## [Material for this task]
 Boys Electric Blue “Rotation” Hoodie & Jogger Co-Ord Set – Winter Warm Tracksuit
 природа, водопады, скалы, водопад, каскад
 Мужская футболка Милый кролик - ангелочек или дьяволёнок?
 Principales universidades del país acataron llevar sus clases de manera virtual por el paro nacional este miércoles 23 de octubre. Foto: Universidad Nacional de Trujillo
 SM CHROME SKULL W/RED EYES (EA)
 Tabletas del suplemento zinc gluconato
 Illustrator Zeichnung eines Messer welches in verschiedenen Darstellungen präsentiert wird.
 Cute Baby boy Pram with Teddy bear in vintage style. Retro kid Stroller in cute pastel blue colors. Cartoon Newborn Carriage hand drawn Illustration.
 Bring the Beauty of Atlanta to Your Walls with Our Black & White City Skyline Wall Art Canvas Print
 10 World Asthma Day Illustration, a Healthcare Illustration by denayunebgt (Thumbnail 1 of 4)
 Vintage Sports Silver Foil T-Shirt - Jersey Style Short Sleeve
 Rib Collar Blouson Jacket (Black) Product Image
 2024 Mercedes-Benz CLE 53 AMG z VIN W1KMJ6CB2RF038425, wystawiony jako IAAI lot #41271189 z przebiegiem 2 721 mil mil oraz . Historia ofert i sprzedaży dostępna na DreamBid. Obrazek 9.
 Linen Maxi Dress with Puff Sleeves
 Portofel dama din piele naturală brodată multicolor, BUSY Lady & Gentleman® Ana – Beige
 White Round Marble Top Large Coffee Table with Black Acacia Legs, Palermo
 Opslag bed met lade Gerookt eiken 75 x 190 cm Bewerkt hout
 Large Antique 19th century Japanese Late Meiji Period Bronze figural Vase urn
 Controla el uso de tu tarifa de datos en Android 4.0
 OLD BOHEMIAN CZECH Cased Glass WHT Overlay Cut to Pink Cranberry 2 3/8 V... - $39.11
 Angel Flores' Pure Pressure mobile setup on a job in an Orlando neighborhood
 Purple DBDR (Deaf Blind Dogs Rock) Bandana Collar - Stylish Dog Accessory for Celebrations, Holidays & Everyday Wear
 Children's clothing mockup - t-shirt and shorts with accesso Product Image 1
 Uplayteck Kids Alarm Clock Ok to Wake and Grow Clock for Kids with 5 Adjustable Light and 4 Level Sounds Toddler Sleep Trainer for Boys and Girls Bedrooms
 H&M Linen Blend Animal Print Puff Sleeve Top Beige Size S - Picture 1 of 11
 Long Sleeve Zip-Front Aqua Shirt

## [What you are asked to do]
All of the data above should be reproduced exactly.

## [Answer box]
 Boys Electric Blue “Rotation” Hoodie & Jogger Co-Ord Set – Winter Warm Tracksuit
 природа, водопады, скалы, водопад, каскад
 Мужская футболка Милый кролик - ангелочек или дьяволёнок?
 Principales universidades del país acataron llevar sus clases de manera virtual por el paro nacional este miércoles 23 de octubre. Foto: Universidad Nacional de Trujillo
 SM CHROME SKULL W/RED EYES (EA)
 Tabletas del suplemento zinc gluconato
 Illustrator Zeichnung eines Messer welches in verschiedenen Darstellungen präsentiert wird.
 Cute Baby boy Pram with Teddy bear in vintage style. Retro kid Stroller in cute pastel blue colors. Cartoon Newborn Carriage hand drawn Illustration.
 Bring the Beauty of Atlanta to Your Walls with Our Black & White City Skyline Wall Art Canvas Print
 10 World Asthma Day Illustration, a Healthcare Illustration by denayunebgt (Thumbnail 1 of 4)
 Vintage Sports Silver Foil T-Shirt - Jersey Style Short Sleeve
 Rib Collar Blouson Jacket (Black) Product Image
 2024 Mercedes-Benz CLE 53 AMG z VIN W1KMJ6CB2RF038425, wystawiony jako IAAI lot #41271189 z przebiegiem 2 721 mil mil oraz . Historia ofert i sprzedaży dostępna na DreamBid. Obrazek 9.
 Linen Maxi Dress with Puff Sleeves
 Portofel dama din piele naturală brodată multicolor, BUSY Lady & Gentleman® Ana – Beige
 White Round Marble Top Large Coffee Table with Black Acacia Legs, Palermo
 Opslag bed met lade Gerookt eiken 75 x 190 cm Bewerkt hout
 Large Antique 19th century Japanese Late Meiji Period Bronze figural Vase urn
 Controla el uso de tu tarifa de datos en Android 4.0
 OLD BOHEMIAN CZECH Cased Glass WHT Overlay Cut to Pink Cranberry 2 3/8 V... - $39.11
 Angel Flores' Pure Pressure mobile setup on a job in an Orlando neighborhood
 Purple DBDR (Deaf Blind Dogs Rock) Bandana Collar - Stylish Dog Accessory for Celebrations, Holidays & Everyday Wear
 Children's clothing mockup - t-shirt and shorts with accesso Product Image 1
 Uplayteck Kids Alarm Clock Ok to Wake and Grow Clock for Kids with 5 Adjustable Light and 4 Level Sounds Toddler Sleep Trainer for Boys and Girls Bedrooms
 H&M Linen Blend Animal Print Puff Sleeve Top Beige Size S - Picture 1 of 11
 Long Sleeve Zip-Front Aqua Shirt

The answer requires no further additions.